The Quicksilver Metaweb

Neal Stephenson: “Superficially, this site looks like a set of FAQs about a novel that I wrote entitled Quicksilver. As time goes on, we hope that it will develop into something a little more than that. We don’t know how it will come out. It’s an experiment.

Why put the information on such a complicated system, when a simple FAQ is easier? Because we are hoping that the annotations of the book on this site will seed a body of knowledge called the Metaweb, which will eventually be something more generally useful than a list of FAQs about one and only one novel. The idea of the Metaweb was originated by Danny Hillis.”

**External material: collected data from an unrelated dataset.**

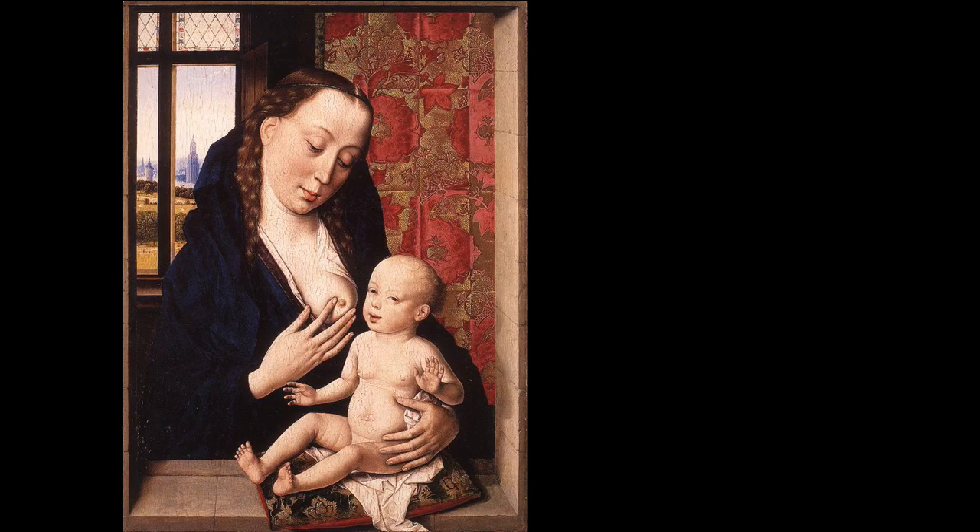Boutts is known for producing several altarpieces and also a number of paintings showing the Madonna and Child. We're going to look at three that have an almost identical pose, discussing his technique — in particular his use of ultramarine blue pigment derived from lapis lazuli — and some of the ways he approached his painting method in order to save money and maximize the effect of that ultramarine. Some of those efforts have backfired today.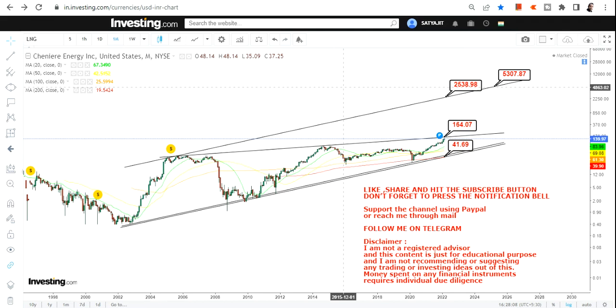This is the biggest trend of Shenny Air Energy Inc for the upcoming years. Hopefully this will work the way we are thinking, but we will see — because this is not going to be a one-way move, there will be hurdles. This is for the long-term time frame, not for short term. This is the end of the video, thanks for watching.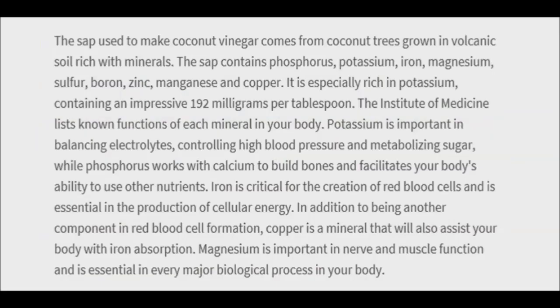Coconut vinegar may improve the health of your heart. In part, this may be due to the potassium content of the coconut sap used to make this type of vinegar. Potassium is a mineral linked to lower blood pressure and a reduced risk of heart disease and stroke. Animal studies further show that vinegar may reduce triglyceride and bad LDL cholesterol levels while increasing good HDL cholesterol.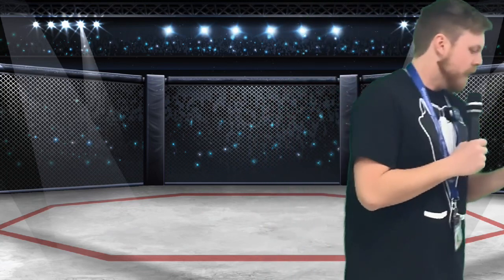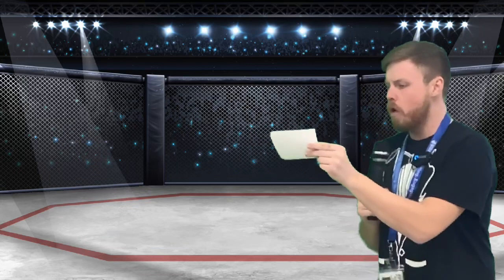Our third matchup: out of the red corner, this is a first grade class all the way from up, up, up the stairs — Too Cool Kept! Up against, out of the blue corner, this class is third grade from down the hall and to the left — we have No Fear Note!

Having just finished reading Quicksilver (FmH readers will have noted my references to it during the past few months), I found myself reluctant to return* from an immersion in late 17th century European politics, science and philosophy. Because of Stephenson’s erudition (about nearly everything), the length of the book did not make it at all ponderous, despite the fact that much of the plotting is less than compelling and things are left unsatisfyingly unresolved for the main characters (of course, as it is the first volume of a projected ‘Baroque trilogy’). From a review:

The weight of Quicksilver, just less than four pounds, is a jail. Deep inside the 900 pages of Neal Stephenson’s vast new novel can be discerned, pacing the prison yard, a small slim underlit curtain-raiser of a tale whose task it is to warm us up for the real performance to come, the massive drama Stephenson is presumably planning to unfold in stages two and three of what he is calling The Baroque Cycle.


*Does anyone have any recommendations of good historical fiction set in 17th century Europe? Has anyone read Dark Matter, by the (underrated? under-performing?) novelist Philip Kerr?